O presidente Luiz Inácio Lula da Silva vetou integralmente, nesta quinta-feira (8), o Projeto de Lei nº 2.162 de 2023, conhecido como ‘PL da Dosimetria’. O anúncio foi feito durante uma cerimônia no Palácio do Planalto, em Brasília, que marcou o terceiro aniversário dos ataques às sedes dos Três Poderes. O projeto, aprovado pelo Congresso Nacional em dezembro, propunha alterações no Código Penal que resultariam na redução das penas de condenados pelos atos antidemocráticos de 8 de janeiro de 2023 e pela tentativa de golpe de Estado.

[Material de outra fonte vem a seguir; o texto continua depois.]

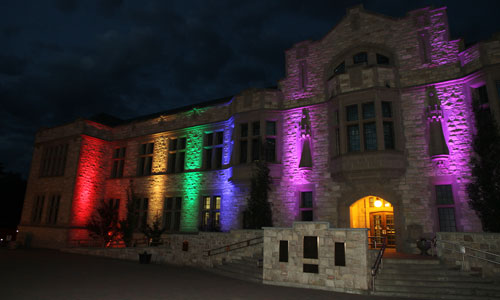 Peter MacKinnon is lit in a rainbow of coloured lights.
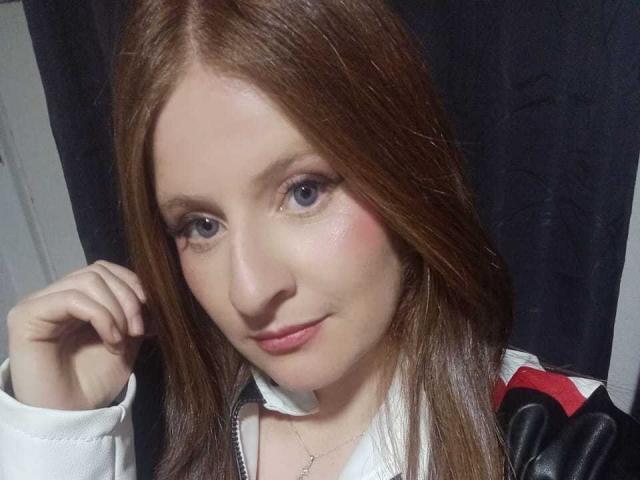 EnzumGinger has light brown hair, blue eyes, pink cheeks, and a slight smile. She's wearing a white shirt with a black and red jacket. Her hand is near her face.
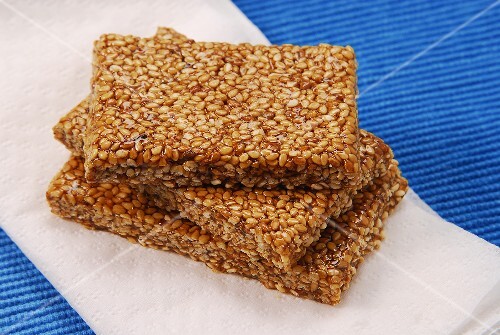 Three bars of sesame brittle lying on napkin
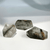 Three highly polished, irregularly shaped Garden Quartz gemstones. The quartz is clear to smoky, with prominent internal deposits of brown and black minerals resembling a small, earthy landscape.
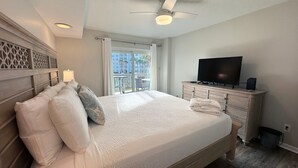 Una cama bien hecha con sábanas blancas y almohadones decorativos, un televisor en una cómoda y un balcón con vistas a edificios y palmeras.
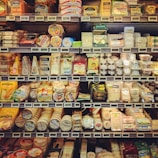 Assortment of dairy products including butter, milk cartons, and cheese wedges.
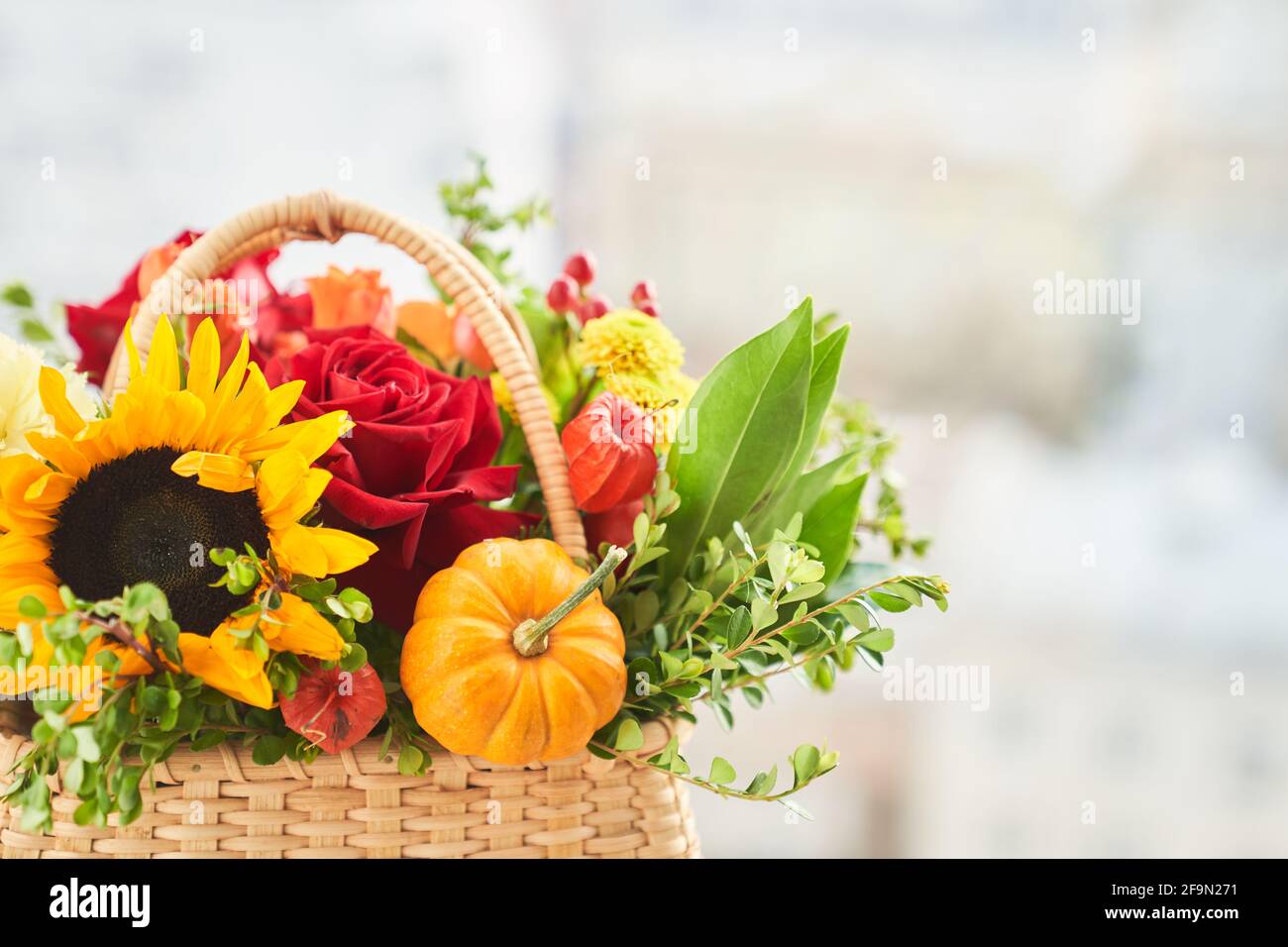 Gemischte Herbstblumen, Sonnenblume, Kürbis, Rose, Physalis im Korb, Bouquet befindet sich auf der Fensterbank mit Kopierfläche. Hochwertige Fotos Stockfoto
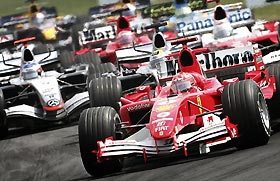 Ferrari Formula One driver Michael Schumacher of Germany leads the pack after the start of the Hungarian Grand Prix on Hungaroring near Budapest, July 31,2005. McLaren's Formula One driver Kimi Raikkonen of Finland won the race, Toyota Formula One driver Ralf Schumacher finished on third place.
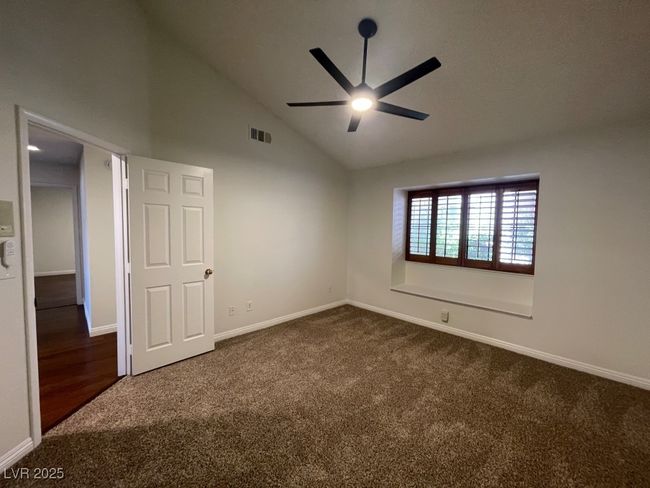 Spare room with dark colored carpet, a ceiling fan, and high vaulted ceiling | Image 20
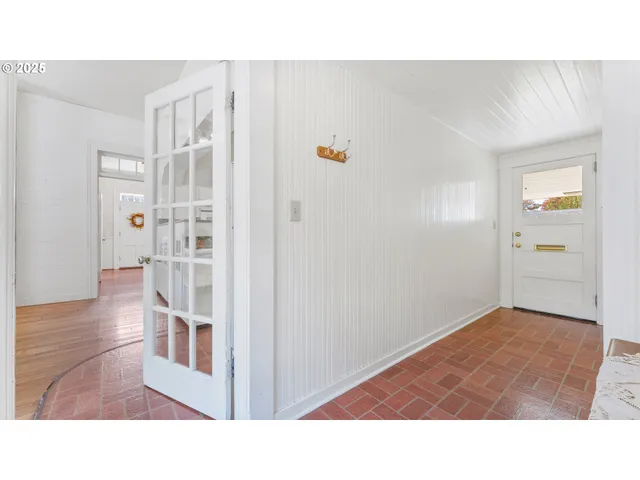 a bathroom with a sink and a glass door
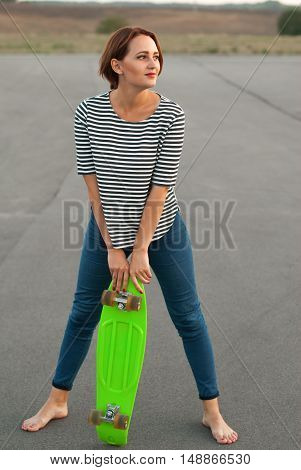 Girl with skateboard standing barefoot on the asphalt.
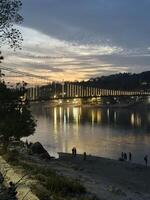 Sunset over Ram Jhula bridge in Rishikesh, India. photo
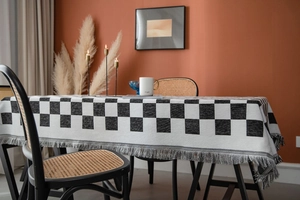 Detailansicht der schwarz-weißen Tischdecke mit Schachbrettmuster und dicken grauen Fransen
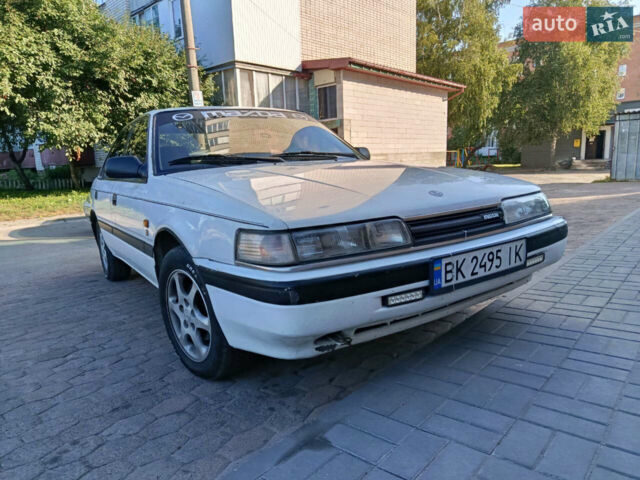 Білий Мазда 626, об'ємом двигуна 2 л та пробігом 499 тис. км за 1200 $, фото 1 на Automoto.ua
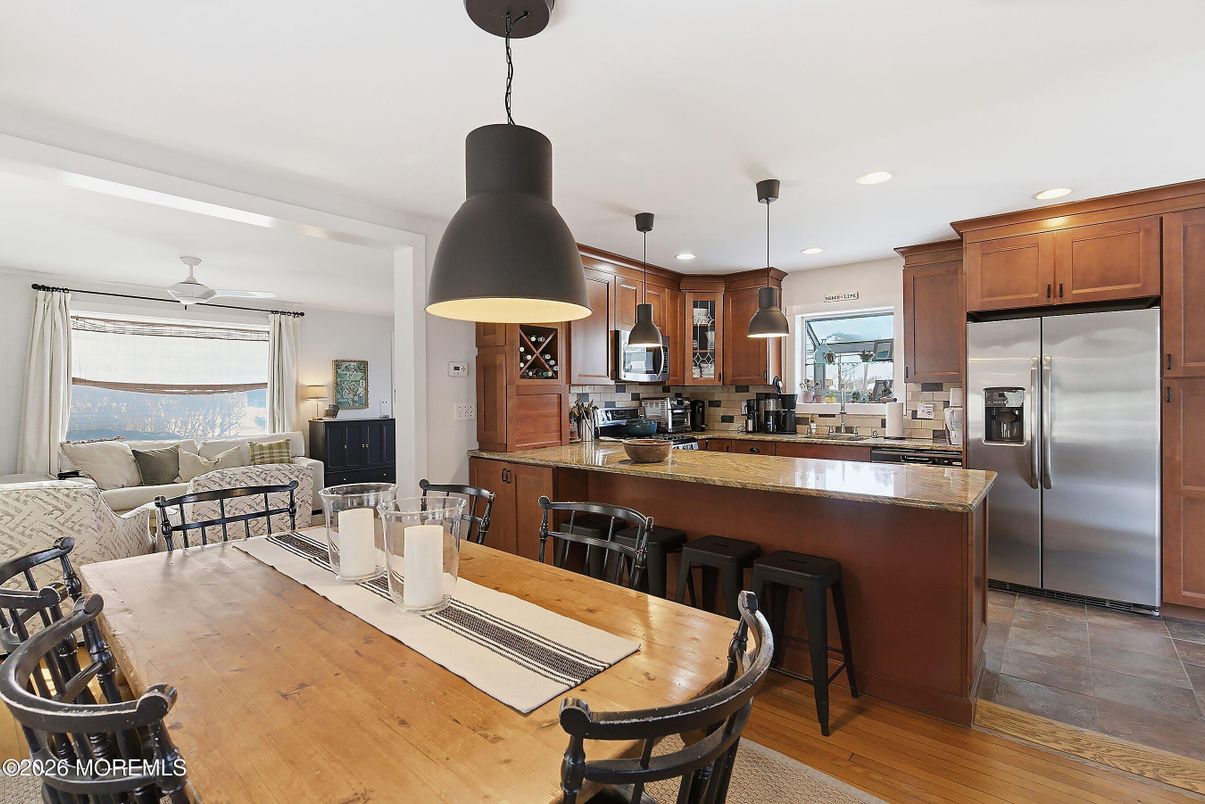 Dining room, Interior, Kitchen, Living room, Pendant Lights, Recessed Lighting, Stainless Steel Appliances, Wood Texture Flooring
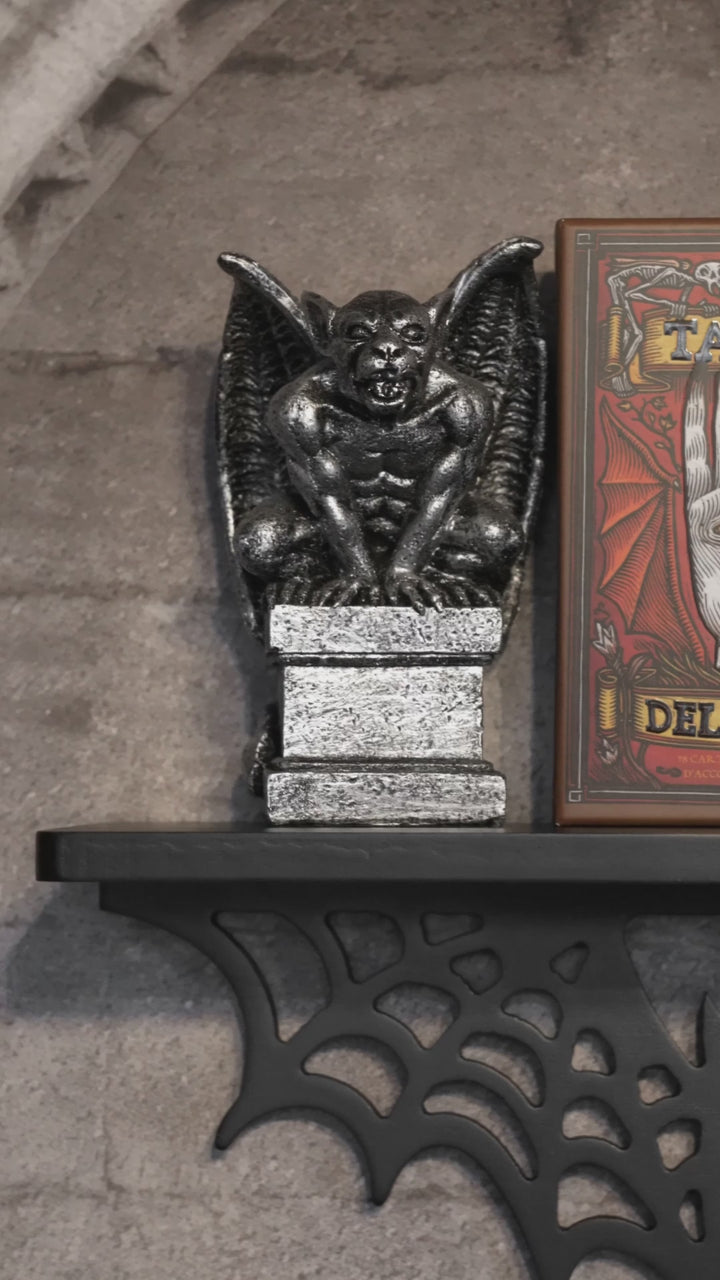 video of a spiderweb bat-shapd wall shelf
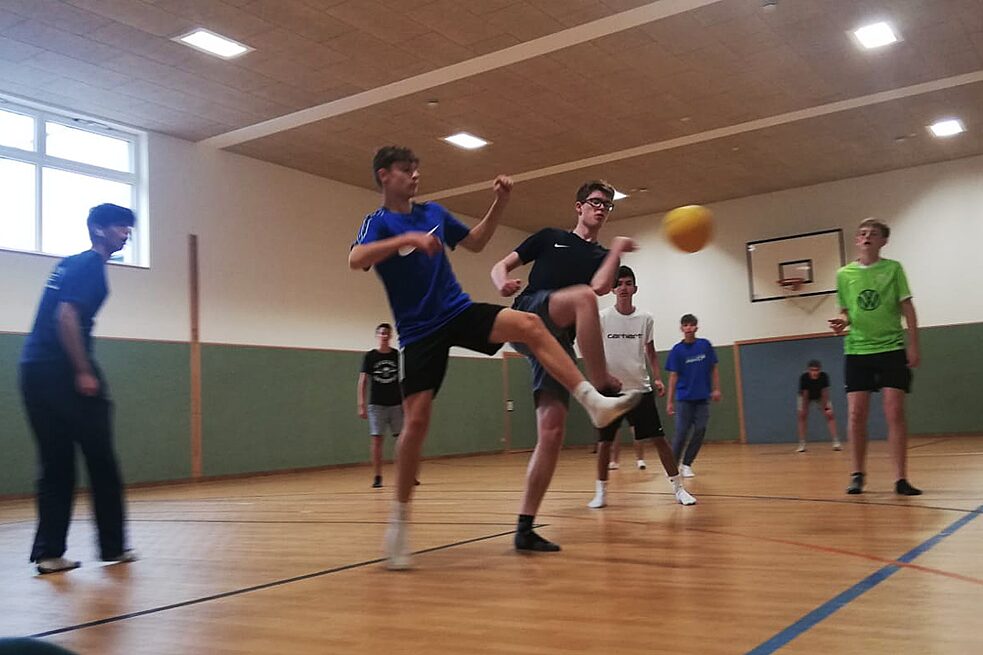 Jugendliche spielen Fußball in einer Halle.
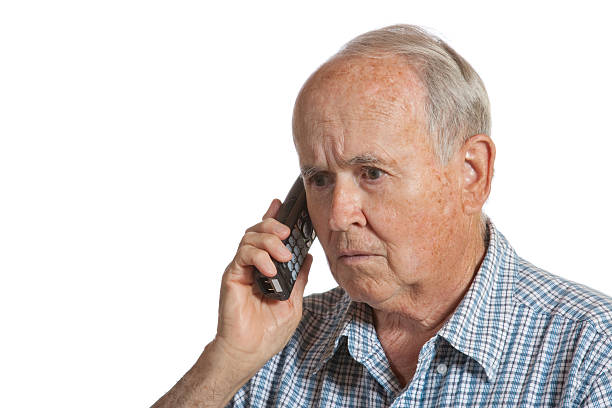 Elderly man on a cordless phone receiving bad news Elderly man on phone getting bad news comb over stock pictures, royalty-free photos & images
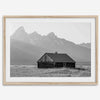 Step into Grand Teton National Park with this fine art black and white mountain print. This western landscape photo showcases a century-old rustic hut at the foot of the snowy, pointy Teton mountains.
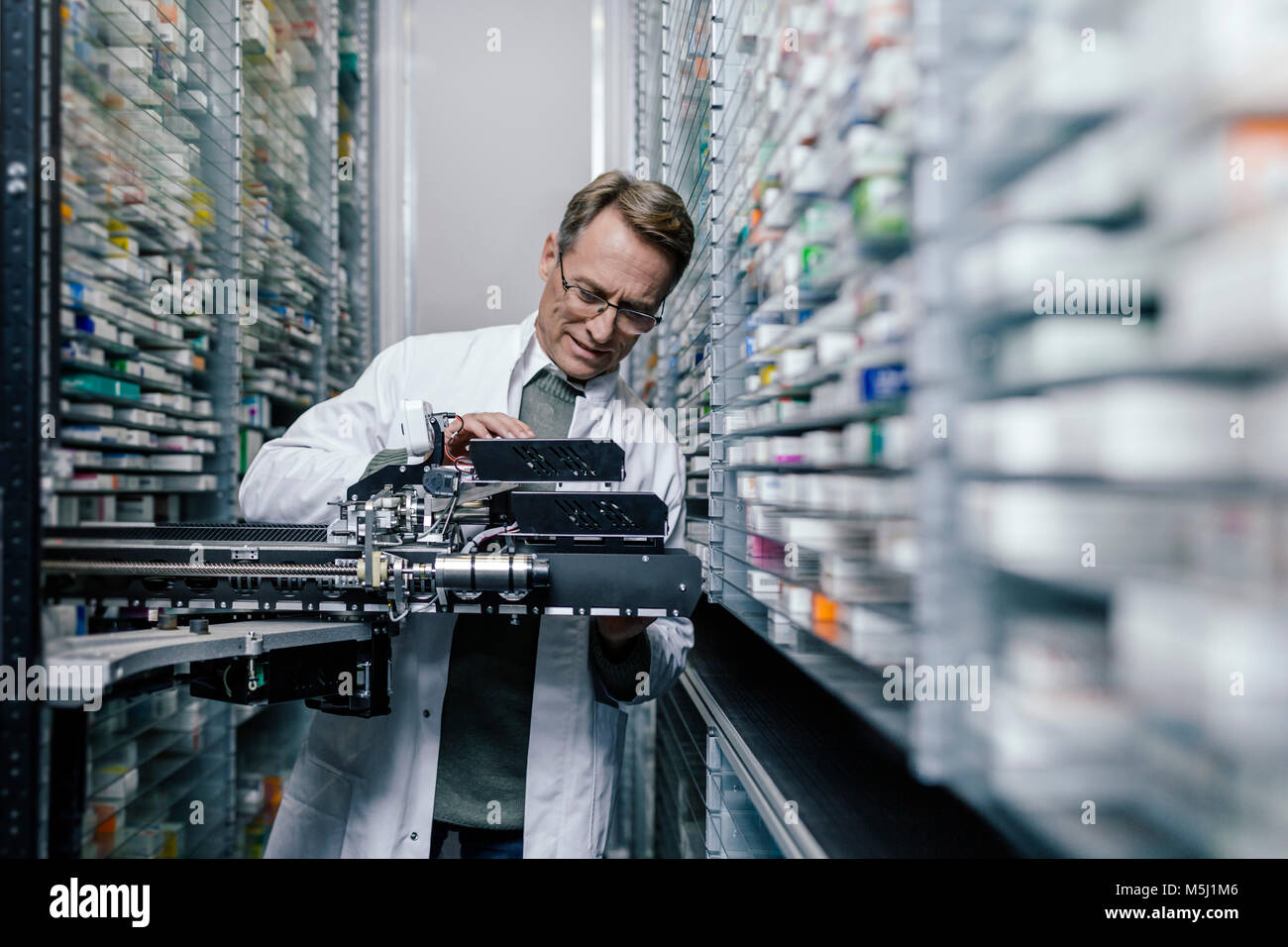 Pharmacist examining commissioning machine in pharmacy Stock Photo Alamy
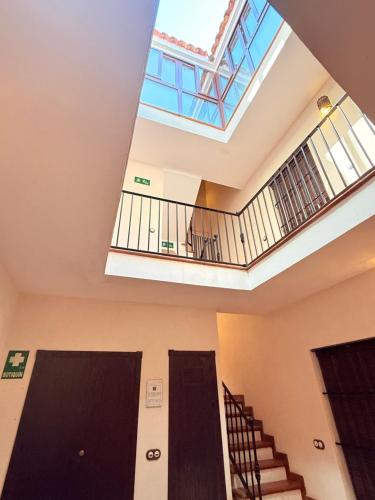 a skylight in a building with a ceiling at Apartamentos Bodeguetas in Constantina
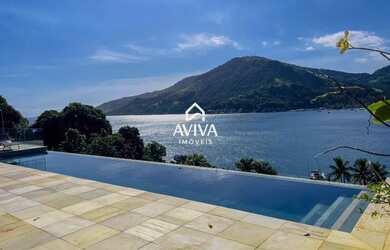 Imagem: A casa em condomínio à venda possui 4 Dormitórios, 5 Banheiros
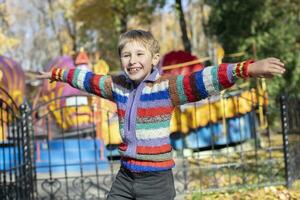 Little boy having fun outdoors in the park. Cute happy baby boy outdoors. Happy child posing outdoors photo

A proposta vetada estabelecia que, em casos de crimes contra o Estado Democrático de Direito praticados no mesmo contexto, deveria ser aplicada apenas a pena mais grave em vez da soma das punições (concurso material). Além disso, o texto previa a redução de um terço a dois terços da pena para participantes que agiram em ‘contexto de multidão’, desde que não fossem líderes ou financiadores. Outro ponto polêmico era a mudança na progressão de regime, permitindo que condenados por crimes com violência ou grave ameaça progredissem após cumprir apenas um sexto (16%) da pena.
De acordo com análises técnicas e declarações do governo, a sanção do projeto beneficiaria diretamente o ex-presidente Jair Bolsonaro e figuras do seu antigo alto escalão, como os ex-ministros Walter Braga Netto, Augusto Heleno, Anderson Torres e Paulo Sérgio Nogueira, além do ex-comandante da Marinha, Almir Garnier. Esse grupo foi condenado pela 1ª Turma do Supremo Tribunal Federal (STF) em novembro de 2025, com penas que variam de 16 a 24 anos de reclusão. Lula afirmou que as condenações se basearam em ‘provas robustas’ e que o projeto seria um ‘grave retrocesso na legislação que protege a democracia’.
Durante seu discurso, o presidente elogiou a conduta do STF e citou o filósofo George Santayana ao afirmar que ‘aqueles que não conseguem lembrar o passado estão condenados a repeti-lo’. Com o veto integral, as regras atuais de cálculo de pena e progressão permanecem inalteradas. O texto agora retorna ao Congresso Nacional, onde deputados e senadores poderão decidir, em sessão conjunta, se mantêm a decisão presidencial ou se derrubam o veto para promulgar a lei.